I'm almost done with Lost, which is a relief: only 9 more episodes to go. I've watched the latter 5 seasons in an unhealthily short time, and I recommend against it, but on the other hand I don't think I would have done anything more healthy with my time. I think I'm done watching TV after this.

I'm feeling better, in general. It turns out my Chilean friend at school was not involved in any strange cultural thing that I missed: she was just being incredibly rude and aggressive and selfish. She apologized today, and we hung out for a while and had a nice lunch. That was pretty awesome.

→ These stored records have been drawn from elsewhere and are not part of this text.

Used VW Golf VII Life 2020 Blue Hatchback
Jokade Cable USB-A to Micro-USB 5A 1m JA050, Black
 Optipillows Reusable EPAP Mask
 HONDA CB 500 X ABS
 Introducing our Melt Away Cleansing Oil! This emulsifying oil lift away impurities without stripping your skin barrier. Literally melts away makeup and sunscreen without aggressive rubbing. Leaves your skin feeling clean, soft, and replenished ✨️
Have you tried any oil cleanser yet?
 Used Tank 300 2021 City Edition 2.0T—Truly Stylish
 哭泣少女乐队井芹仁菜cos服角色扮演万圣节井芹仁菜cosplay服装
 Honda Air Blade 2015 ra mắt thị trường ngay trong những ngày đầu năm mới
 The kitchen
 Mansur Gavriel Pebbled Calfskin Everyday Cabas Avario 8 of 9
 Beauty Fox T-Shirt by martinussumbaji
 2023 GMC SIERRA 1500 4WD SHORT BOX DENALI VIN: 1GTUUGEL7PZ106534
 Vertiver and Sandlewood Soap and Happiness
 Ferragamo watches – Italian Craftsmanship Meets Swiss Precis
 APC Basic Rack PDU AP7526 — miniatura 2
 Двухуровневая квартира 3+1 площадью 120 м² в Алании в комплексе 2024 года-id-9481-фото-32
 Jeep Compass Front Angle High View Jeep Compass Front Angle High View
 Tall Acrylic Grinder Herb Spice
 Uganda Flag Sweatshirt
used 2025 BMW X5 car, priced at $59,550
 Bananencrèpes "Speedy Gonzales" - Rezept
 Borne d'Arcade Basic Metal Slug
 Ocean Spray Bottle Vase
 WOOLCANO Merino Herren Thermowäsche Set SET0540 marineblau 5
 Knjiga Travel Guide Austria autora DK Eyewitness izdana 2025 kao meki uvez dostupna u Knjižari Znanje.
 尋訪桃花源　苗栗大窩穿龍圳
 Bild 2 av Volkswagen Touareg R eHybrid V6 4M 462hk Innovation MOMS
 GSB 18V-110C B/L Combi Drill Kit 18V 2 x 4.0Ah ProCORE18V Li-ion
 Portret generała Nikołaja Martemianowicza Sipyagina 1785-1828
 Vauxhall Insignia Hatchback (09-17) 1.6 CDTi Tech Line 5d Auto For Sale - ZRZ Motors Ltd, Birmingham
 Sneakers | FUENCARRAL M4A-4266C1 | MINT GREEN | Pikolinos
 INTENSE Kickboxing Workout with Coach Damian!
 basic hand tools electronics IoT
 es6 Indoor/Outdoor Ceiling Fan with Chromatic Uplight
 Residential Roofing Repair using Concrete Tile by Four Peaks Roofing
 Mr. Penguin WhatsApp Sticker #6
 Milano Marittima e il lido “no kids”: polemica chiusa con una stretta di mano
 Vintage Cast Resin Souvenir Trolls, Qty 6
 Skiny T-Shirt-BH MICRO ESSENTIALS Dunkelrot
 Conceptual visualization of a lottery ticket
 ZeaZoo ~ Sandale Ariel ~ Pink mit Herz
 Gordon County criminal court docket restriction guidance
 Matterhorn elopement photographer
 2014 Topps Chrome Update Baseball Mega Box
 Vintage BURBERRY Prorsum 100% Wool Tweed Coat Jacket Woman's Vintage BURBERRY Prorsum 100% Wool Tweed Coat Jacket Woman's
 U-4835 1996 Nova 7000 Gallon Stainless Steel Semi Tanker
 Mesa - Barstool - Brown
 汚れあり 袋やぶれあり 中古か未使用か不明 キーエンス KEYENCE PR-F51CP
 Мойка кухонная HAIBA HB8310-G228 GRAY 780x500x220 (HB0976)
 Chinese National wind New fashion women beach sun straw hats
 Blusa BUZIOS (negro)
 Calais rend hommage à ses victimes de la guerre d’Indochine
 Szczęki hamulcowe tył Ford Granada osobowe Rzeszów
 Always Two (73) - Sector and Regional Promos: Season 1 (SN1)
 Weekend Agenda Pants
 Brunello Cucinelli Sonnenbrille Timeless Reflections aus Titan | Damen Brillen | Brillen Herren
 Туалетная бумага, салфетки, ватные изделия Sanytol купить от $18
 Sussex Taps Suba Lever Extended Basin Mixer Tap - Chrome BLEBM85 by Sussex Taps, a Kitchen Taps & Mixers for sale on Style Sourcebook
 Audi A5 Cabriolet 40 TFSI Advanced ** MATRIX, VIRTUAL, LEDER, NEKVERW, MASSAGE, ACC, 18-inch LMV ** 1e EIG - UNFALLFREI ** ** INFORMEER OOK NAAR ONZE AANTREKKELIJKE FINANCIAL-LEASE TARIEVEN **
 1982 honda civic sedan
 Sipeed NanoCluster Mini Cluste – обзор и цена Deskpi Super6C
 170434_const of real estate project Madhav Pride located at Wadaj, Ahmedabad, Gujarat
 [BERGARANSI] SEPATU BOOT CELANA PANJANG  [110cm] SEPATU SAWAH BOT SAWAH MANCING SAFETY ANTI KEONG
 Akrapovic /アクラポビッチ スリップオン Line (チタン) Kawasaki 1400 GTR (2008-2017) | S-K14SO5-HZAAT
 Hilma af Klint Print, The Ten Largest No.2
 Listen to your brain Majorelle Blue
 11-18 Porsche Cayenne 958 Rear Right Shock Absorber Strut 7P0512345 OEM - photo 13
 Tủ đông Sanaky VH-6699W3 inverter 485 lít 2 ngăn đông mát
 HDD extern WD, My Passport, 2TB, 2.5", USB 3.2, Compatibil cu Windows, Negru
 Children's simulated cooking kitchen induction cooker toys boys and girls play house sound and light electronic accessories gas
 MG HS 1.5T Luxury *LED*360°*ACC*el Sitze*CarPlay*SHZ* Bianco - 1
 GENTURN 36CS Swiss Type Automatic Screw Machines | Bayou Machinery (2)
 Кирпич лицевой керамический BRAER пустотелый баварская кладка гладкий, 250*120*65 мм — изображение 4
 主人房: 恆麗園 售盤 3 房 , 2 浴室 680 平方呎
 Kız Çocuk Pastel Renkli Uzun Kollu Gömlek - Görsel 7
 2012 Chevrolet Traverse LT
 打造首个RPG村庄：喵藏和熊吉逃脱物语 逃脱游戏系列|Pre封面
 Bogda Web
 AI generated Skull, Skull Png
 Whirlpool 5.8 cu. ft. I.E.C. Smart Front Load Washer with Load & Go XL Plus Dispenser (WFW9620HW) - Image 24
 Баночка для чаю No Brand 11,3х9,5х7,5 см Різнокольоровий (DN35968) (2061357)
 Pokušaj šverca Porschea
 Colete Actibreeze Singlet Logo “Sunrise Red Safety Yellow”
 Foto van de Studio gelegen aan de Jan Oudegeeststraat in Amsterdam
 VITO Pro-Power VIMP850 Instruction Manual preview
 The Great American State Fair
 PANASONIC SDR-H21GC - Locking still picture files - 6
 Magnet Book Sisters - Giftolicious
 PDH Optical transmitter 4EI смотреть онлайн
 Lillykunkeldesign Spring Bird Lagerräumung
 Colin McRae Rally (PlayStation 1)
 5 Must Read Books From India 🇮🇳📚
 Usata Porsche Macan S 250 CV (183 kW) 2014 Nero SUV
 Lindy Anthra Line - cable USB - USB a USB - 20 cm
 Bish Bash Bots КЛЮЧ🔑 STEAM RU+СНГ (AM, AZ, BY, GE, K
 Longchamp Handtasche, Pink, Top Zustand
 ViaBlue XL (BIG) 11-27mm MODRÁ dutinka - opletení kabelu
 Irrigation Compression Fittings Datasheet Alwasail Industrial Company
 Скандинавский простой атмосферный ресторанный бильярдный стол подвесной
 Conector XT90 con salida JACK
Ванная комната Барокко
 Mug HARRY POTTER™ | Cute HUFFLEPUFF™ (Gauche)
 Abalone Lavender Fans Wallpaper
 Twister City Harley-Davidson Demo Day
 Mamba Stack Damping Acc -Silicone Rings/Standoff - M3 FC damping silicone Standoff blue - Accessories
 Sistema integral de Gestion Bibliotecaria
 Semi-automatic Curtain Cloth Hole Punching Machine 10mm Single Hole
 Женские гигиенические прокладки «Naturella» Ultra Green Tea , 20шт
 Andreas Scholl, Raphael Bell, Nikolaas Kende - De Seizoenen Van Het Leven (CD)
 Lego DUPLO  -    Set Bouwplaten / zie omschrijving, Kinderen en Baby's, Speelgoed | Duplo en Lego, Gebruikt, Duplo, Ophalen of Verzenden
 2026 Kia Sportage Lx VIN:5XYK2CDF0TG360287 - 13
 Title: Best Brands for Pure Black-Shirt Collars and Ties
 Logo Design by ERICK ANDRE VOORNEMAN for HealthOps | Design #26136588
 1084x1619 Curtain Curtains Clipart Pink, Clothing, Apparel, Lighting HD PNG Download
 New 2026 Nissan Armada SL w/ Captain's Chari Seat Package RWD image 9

In the liquor store the other day, looking for something to replace the thoroughly terrible Tres Palos "cognac"--I'll grant it's made from grapes, but the resemblance ends there--it occurred to me that I should give pisco another try, being the national liquor. Like all cocktails in Chile, the pisco sours here are so brutally strong that I actually can't drink them, so I've avoided pisco. Plus I think I like the Peruvian style better, but don't tell anyone, I think I can get deported for that.

(When Anna was here in August, I ordered a gin & tonic at a restaurant. They brought me a bottle of tonic and a Collins glass about half-full of gin--easily 4-6oz. [for reference, a large single U.S. shot is maybe 2oz.]. I had them bring me another glass so I could decant some gin and make it drinkable.)

The little 150ml bottle of Capel Especial costs about US$1.80, it borders on being drinkable straight, and it's absolutely delightful when mixed with Coke. I think another two dollars gets me up into the high-end stuff.

Marcela has tonsillitis, so she was out yesterday and today, and will be gone for the coming week. Whenever she's sick I have this angsty thing where I feel like I should hold class, and then I imagine trying to get 21 Chilean kids to come do English while their 21 classmates get to spend 90 minutes in the classroom doing whatever they want, and while it's possible I could badger them into it, I'm not sure it's worth the strain. Eventually I decide it's not, and admit that I am also happy to have the time free, and we don't have class, and I read a book or whatever and feel guilty about how I'm balancing my own emotional needs with some level of commitment to teaching and helping these kids learn and whatever.

Today I decided to just stop having that conversation with myself, because it turns out the same way every time. I also realized that this is one of the times where the school does not treat me like a credentialed teacher--they often do, everyone calls me profesor and very generously acts like I know what I'm doing. When it comes down to it, though, no one holds the illusion that I have all the responsibilities or institutional impact of a contracted teacher, and that's great, because they shouldn't: my value lies in being apart from the system. Neither the school nor the students expect me to hold class when there's no official teacher there, so unless it's going to be an entire week with no substitute, I'm just gonna roll with it.